En l’espèce, il était plus particulièrement reproché à l’association Les Républicains, notamment à l’appui de la démonstration menée par l’arrêt rendu par la cour d’appel de renvoi après cassation, le 23 septembre 2016 (Versailles, 9e ch., 23 sept. 2016, n° 14/01570, Dalloz actualité, 10 oct. 2016, obs. J. Gallois ; D. 2016. 1927, obs. J. Lasserre Capdeville ; RSC 2017. 530, obs. F. Stasiak ; RTD com. 2016. 873, obs. L. Saenko ), « une défaillance totale dans la procédure d’engagements de dépenses à la lecture des déclarations des différents prévenus dont la signature n’avait, selon eux, aucune valeur réelle ainsi qu’une absence totale de contrôle interne en pointant le fait que “personne n’a voulu endosser la responsabilité des comptes de l’UMP […]” qu[e l’un des prévenus] a finalement signés “tout en arguant du fait qu’il est demeuré étranger à ces questions” ».

Évidemment, pour les prévenus, il importe peu que la faute ici reprochée à l’association ne trouve sa source que dans un comportement abstentionniste. Dans un arrêt rendu le 20 octobre 2020, la chambre criminelle de la Cour de cassation a en effet jugé qu’« est de nature à constituer une […] faute [au sens de la jurisprudence Kerviel], le fait pour la victime de ne pas avoir pris les précautions utiles pour éviter le dommage » (Crim. 20 oct. 2020, n° 19-84.641, Dalloz actualité, 7 déc. 2020, obs. J. Gallois ; D. 2020. 2063 ; ibid. 2021. 379, chron. M. Fouquet, A.-L. Méano, A.-S. de Lamarzelle, C. Carbonaro et L. Ascensi ; AJ pénal 2020. 584, obs. G. Beaussonie ). 

Pour contrer l’argumentation avancée par les prévenus visant à minorer de manière significative le montant du préjudice subi par l’association, cette dernière invoquait le reproche constant formulé par la doctrine, contre la jurisprudence Kerviel, à savoir l’enrichissement personnel de l’auteur. En effet, en minorant la réparation du préjudice subi par la victime d’une infraction contre les biens, les juges permettent à l’auteur de l’infraction de conserver une partie du profit qu’il en a retiré, et donc s’enrichit grâce à son méfait.

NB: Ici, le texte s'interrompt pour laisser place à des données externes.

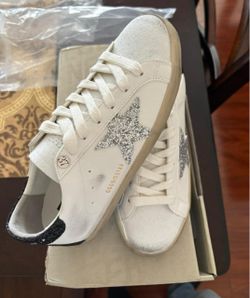 GOLDEN GOOSE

Sans surprise, cette argumentation ne convainc pas les juges parisiens (p. 278). Ces derniers considèrent eu égard aux fautes reprochées à la victime, que si ces fautes ne sont pas exclusives du dommage de sorte qu’elles ne sauraient exclure toute réparation (p. 281), elles ont pour effet de conduire à un partage de responsabilité. Pour le tribunal correctionnel en effet, « les fautes commises par le parti politique ont eu un rôle majeur et déterminant dans le processus causal à l’origine de la survenance de son préjudice justifiant, sinon une exonération, un partage de responsabilité ». Et d’en déduire qu’« Eu égard à la gravité des fautes commises par l’association Les Républicains et à l’importance de leur rôle causal, le tribunal juge que son droit à réparation, s’il ne peut être réduit à néant, doit être considérablement amoindri », plus exactement amoindri à hauteur de 99,50 % ! Ainsi, alors que l’association Les Républicains sollicitait, au titre de la réparation de son préjudice matériel, plus de 16 millions d’euros, elle n’a obtenu que la somme de 81 237,55 € (p. 282). À n’en pas douter, la formule « coupable mais quasi-irresponsable » semble devenir, au sein des juridictions répressives, une habitude (v. déjà, Versailles, 9e ch., 23 sept. 2016, n° 14/01570, préc.).